I think this is what concernedcitizen is also trying to say?

Am i rite?!!1one
And yet again a newbie who fails to read even the slightest bit of information on this site. Such as Fallout's core design.

Also, what is it with 'you like something else' when I've stated again and again that it's not about likes and dislikes, but about Fallout's objective design? What the hell is it about the word 'objective' that people seem to be unable to understand?

concernedcitizen said:
In response to this, I would like to again respond by acknowledging the views of others. If what I want isn't a Fallout game in your eyes, or the eyes of others, great, you guys can skip calling it a "worthy" Fallout game. If it lives up to my expectations, I will call it a Fallout game, and that's a decision which I will happily make for myself. I don't understand why this continues to be such an issue.
Because it amounts to calling a football game ping-pong. It's ridiculous, and insulting.

If it hasn't been noted in the pages since the quoted post was made, I would like to note that the fallout Core Design linked in the above quote does not, in fact, speak of third person perspective (or perspective at all) or turn based (or time systems at all).
 
Vehementi said:
If it hasn't been noted in the pages since the quoted post was made, I would like to note that the fallout Core Design linked in the above quote does not, in fact, speak of third person perspective (or perspective at all) or turn based (or time systems at all).
Did you not read this?

The goal of the project was to create a computer game that was “as close as you can get to playing GURPS, short of playing GURPS.”
And if you were unfamiliar about GURPS look it up?

If they had said the goal was to create a computer game that recreated Monopoly would the article really need to explain that the game would feature turn based play and a virtual board?
 
requiem_for_a_starfury said:
Vehementi said:
If it hasn't been noted in the pages since the quoted post was made, I would like to note that the fallout Core Design linked in the above quote does not, in fact, speak of third person perspective (or perspective at all) or turn based (or time systems at all).
Did you not read this?

The goal of the project was to create a computer game that was “as close as you can get to playing GURPS, short of playing GURPS.”
And if you were unfamiliar about GURPS look it up?

If they had said the goal was to create a computer game that recreated Monopoly would the article really need to explain that the game would feature turn based play and a virtual board?

It's funny how the foundation of your objective proofs etc. is that one line.

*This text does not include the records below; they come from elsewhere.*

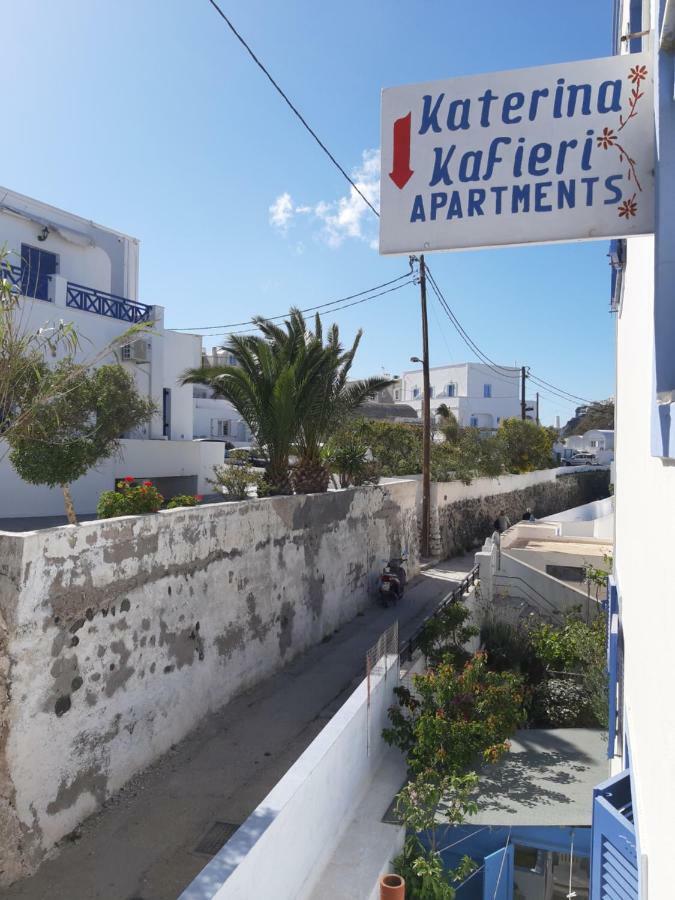 Katerina Kafieri Apartments Firostefani Exteriér fotografie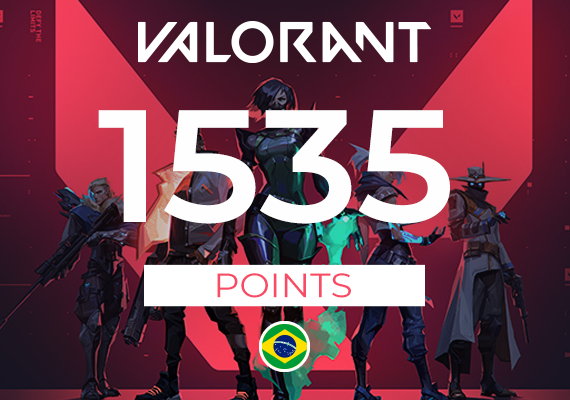 VALORANT Gift Card - 1535 Valorant Points Key - BRAZIL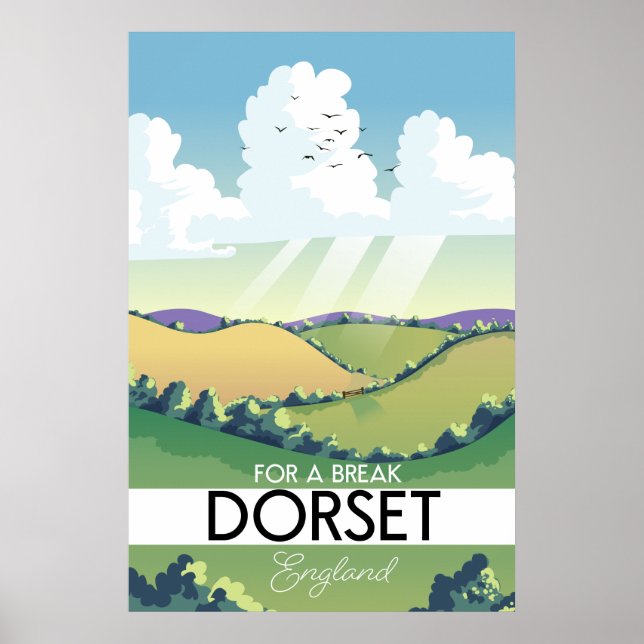 Dorset England Reiseplakat Poster (Vorne)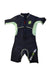 A Black Wetsuits from Aquasport in size 6T for boy. (Front View)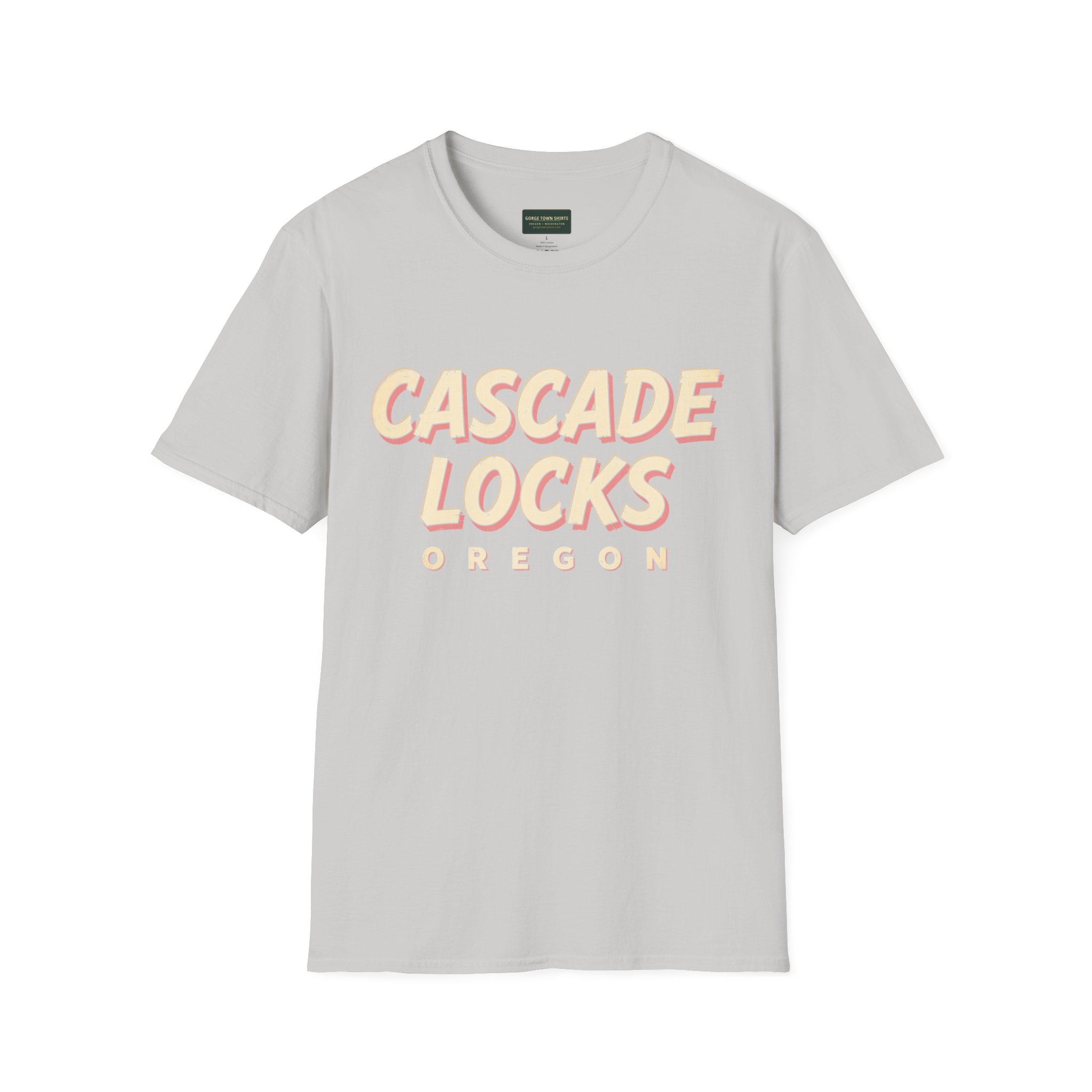 Cascade Locks Oregon Americana T-Shirt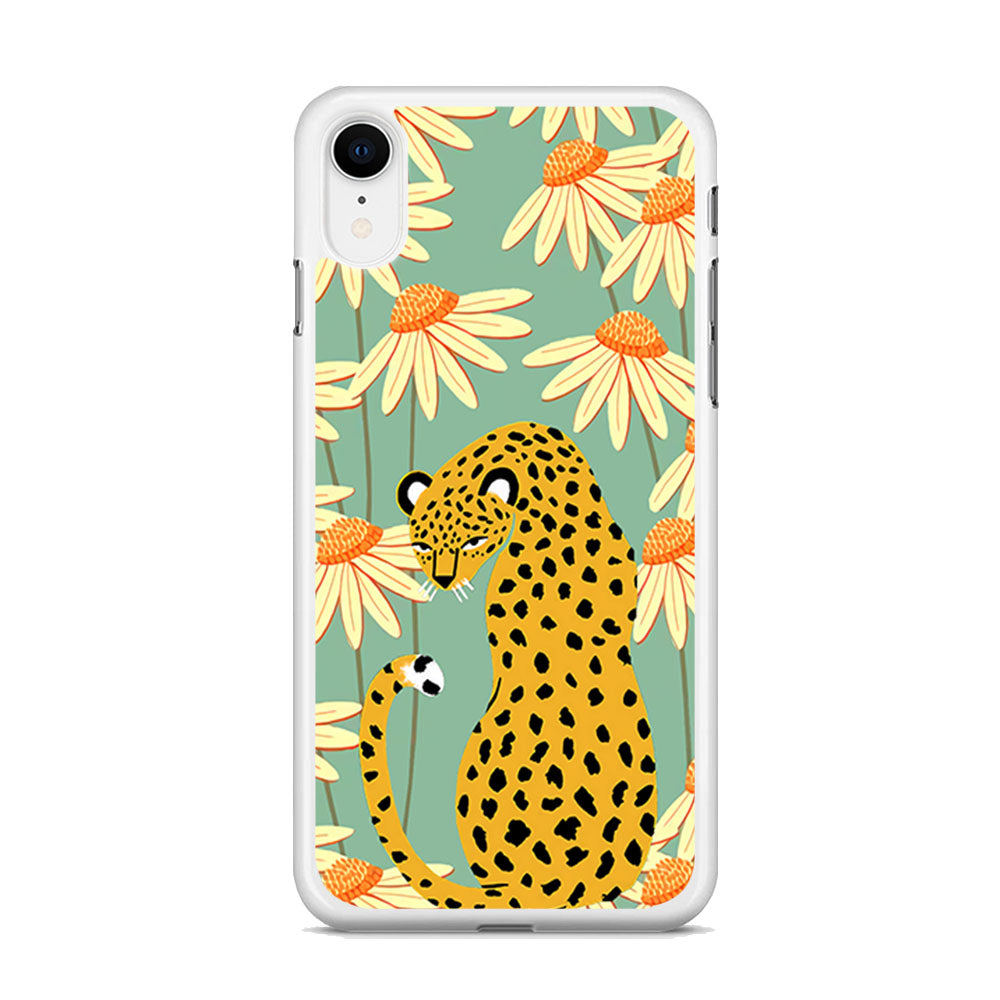 Leopard Flower Umbrella iPhone XR Case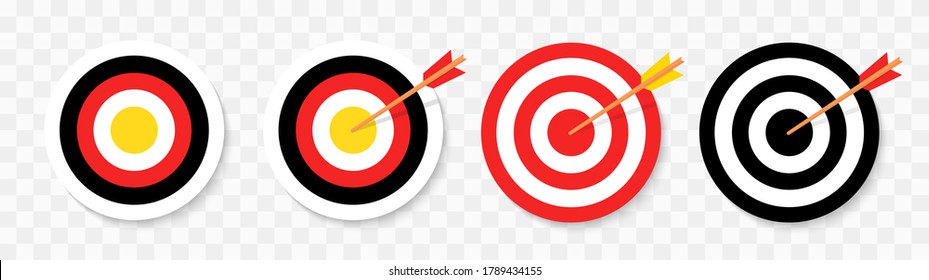 Target set icon. Vector sign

It's extremely easy to argue at length about why it doesn't imply a turn based system, but it's even more obvious why it doesn't imply a 3rd person, isometric perspective. Surely I don't need to explain that..
 
Vehementi said:
It's funny how the foundation of your objective proofs etc. is that one line. It's extremely easy to argue at length about why it doesn't imply a turn based system, but it's even more obvious why it doesn't imply a 3rd person, isometric perspective. Surely I don't need to explain that..

Oh. So what do you think Boyarsky was "implying" when he said "I don’t know how I would have felt about making FO3 anything but isometric and turn based."
 
Gee do you really think that is the only interview they ever did? Or going back to the monopoly ref, that if they had of been designing a real time first person version that that fact would of been mentioned? Just like Beth with their updating Fallout.

Try reading this if you want more insight.
 
Brother None said:
Oh. So what do you think Boyarsky was "implying" when he said "I don’t know how I would have felt about making FO3 anything but isometric and turn based."

In fairness, Brother None, that's an incomplete quote job that doesn't sound nearly as definitive when the whole statement is used.

don’t know how I would have felt about making FO3 anything but isometric and turn based. We did have an extremely high budget idea for another approach, but even in that scenario combat was isometric and turn based. Of course, it’s easy for me to say I wouldn’t have done a paused real time FO3 now, but I don’t know what I would have said if the offer was made.
 
Autoduel76 said:
In fairness, Brother None, that's an incomplete quote job that doesn't sound nearly as definitive when the whole statement is used.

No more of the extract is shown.